We can anticipate that Kinder Morgan shareholders will today say yes to the Trudeau government purchasing the Trans Mountain tar sands pipeline. Why wouldn’t they greedily approve a deal in which the transnational stands to make $3.89 billion in profit?
But this latest expected development puts a further strain on the Liberal trope of the past three years that a “clean environment and a strong economy go hand in hand.”
Sometimes shortened to just “the environment and the economy go hand in hand,” this line has been used countless times. You can anticipate it coming, even count down the seconds, before it is rolled out in an interview, media statement, tweet, or speech.
The Liberals use it as an incontrovertible truth, their equivalent of a “drop the mic” moment when they are defending an indefensible fossil fuel project like the Trans Mountain pipeline.
But their spin just doesn’t stand up to scrutiny.
Clean environment?
Environment and Climate Change Canada acknowledges, “The upstream GHG emissions associated with the entire Trans Mountain pipeline system, transporting 890,000 barrels per day, could be between 21 and 26 megatonnes of carbon dioxide equivalent per year.”
Notably, Ecojustice adds, “It is estimated that Kinder Morgan will [also] produce 60 megatonnes of CO2e per year in downstream emissions.”
Strong economy?
The Institute for Energy Economics and Financial Analysis says that the federal deficit could increase by 36 per cent as a result of the purchase of the pipeline. It says the $4.5-billion purchase cost plus construction costs for fiscal year 2019 alone would add $6.5 billion, inflating the current deficit from $18.1 billion to $24.6 billion.
And while the construction costs of the pipeline had been pegged at $7.4 billion by Kinder Morgan, the corporation now says it could cost up to $9.3 billion to build.
But it will create jobs, right?
Trans Mountain says, “According to Conference Board of Canada estimates, the Project would create the equivalent of 15,000 construction jobs and the equivalent of 37,000 direct, indirect and induced jobs per year of operations.”

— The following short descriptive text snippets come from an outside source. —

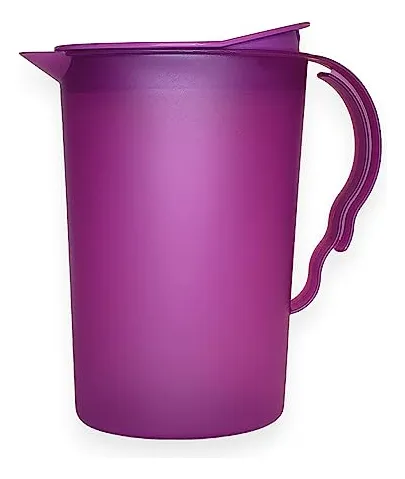 Jarra De Nevera Tupperware 2 Qt Nueva Morado Rbano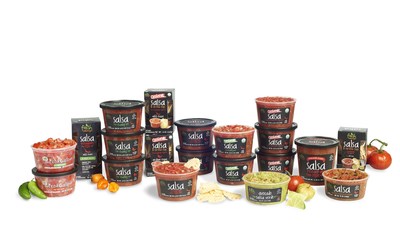 Fresh Cravings Product Line, Sold in the Produce Department, Includes Organic and Traditional Salsas, Avocado Salsa Verde, and Pico de Galo.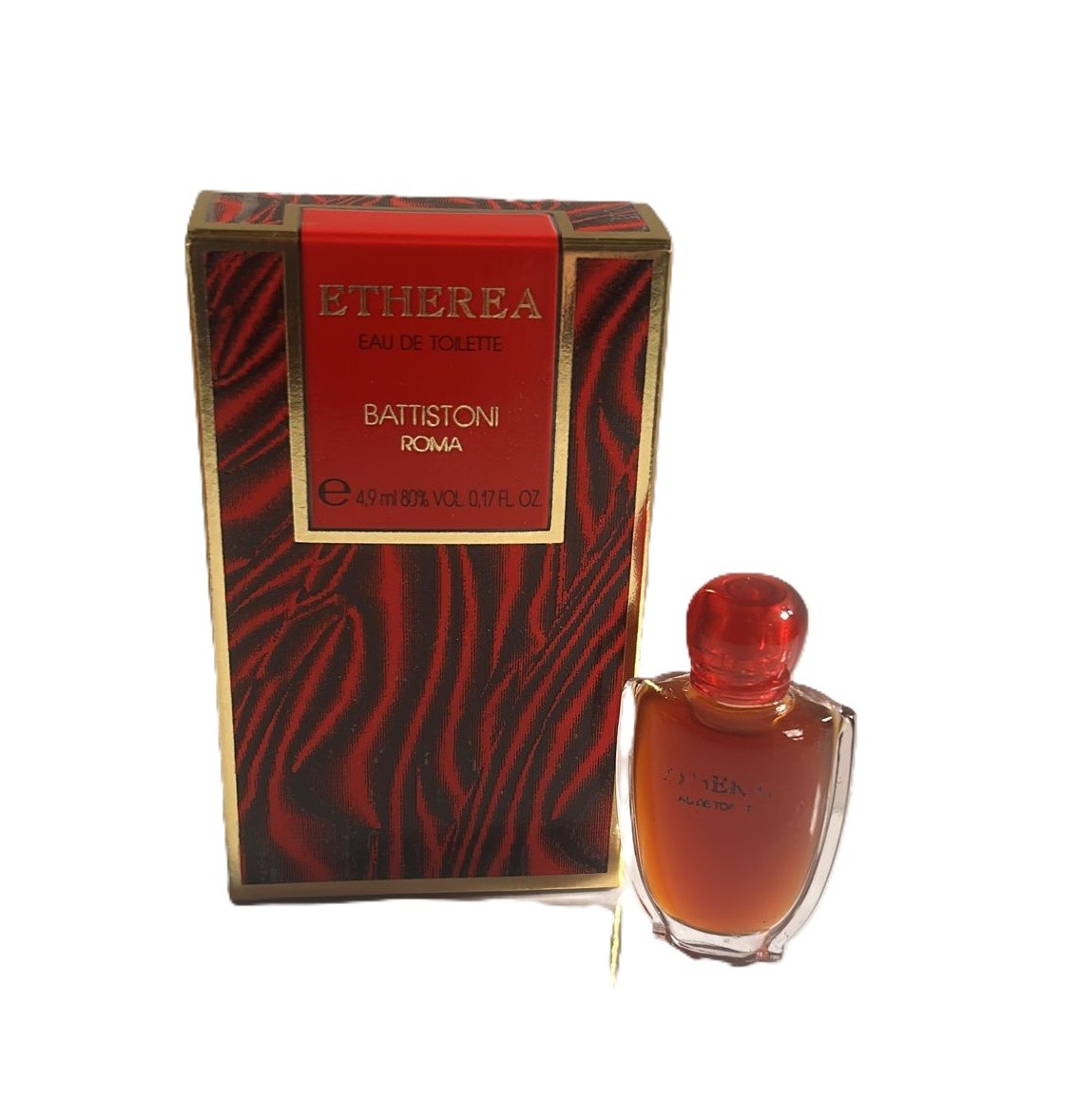 BATTISTONI  - Etherea Eau de Toilette 4.9 ml Miniatura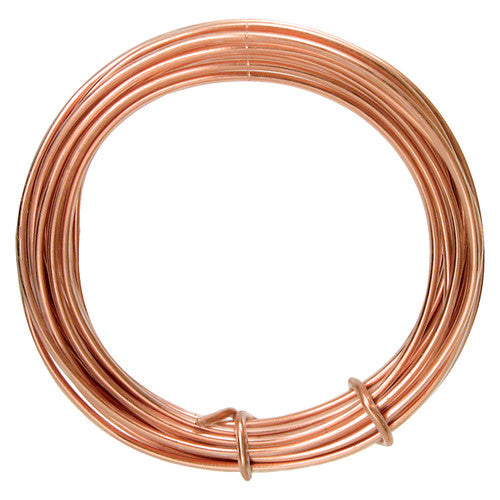 Zart Creative Soft Wire Assorted 60m. Detail shot of gauge 18 Zart soft wire in assorted colours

But earlier this year, the Parkland Institute pointed out, “The claim of 15,000 jobs during the construction phase of the pipeline appears to be a phantom number with no real evidence or credibility behind it. [Kinder Morgan’s] own submission to the National Energy Board stated that the total number of construction jobs for the project would be 2,500 per year for two years.”
Parkland adds, “[The number of direct, indirect and induced jobs is also] a stretch at best, but made even less reliable given the degree to which the reduced price of oil and lower profit expectations also impacts the jobs projections, since reduced dividends through lower profits would necessarily mean reduced job creation.”
Other costs
There are other quantifiable costs — annual insurance claims in Canada now exceed $1 billion due to floods, forest fires and other extreme weather events; and that $10 billion (roughly the cost of the pipeline) put into higher-speed public rail could generate more than 100,000 jobs and reduce carbon emissions up to five megatonnes.
And there are, of course, always very real human costs. There are the deep social costs of the violation of the Indigenous right to free, prior and informed consent, the violence of man camps, the despair of parents looking at the trajectory of climate change worrying about what the future holds for their children and grandchildren.
Years from now, if we aren’t able to block the construction of the pipeline, it may be that Justin Trudeau, Catherine McKenna and the other villains in this drama, caught in the nightmare of their “hand in hand” spin, will be like the guilt-ridden Shakespearean character Lady Macbeth, who sees blood on her hands and cries, “Out, damned spot! out, I say!”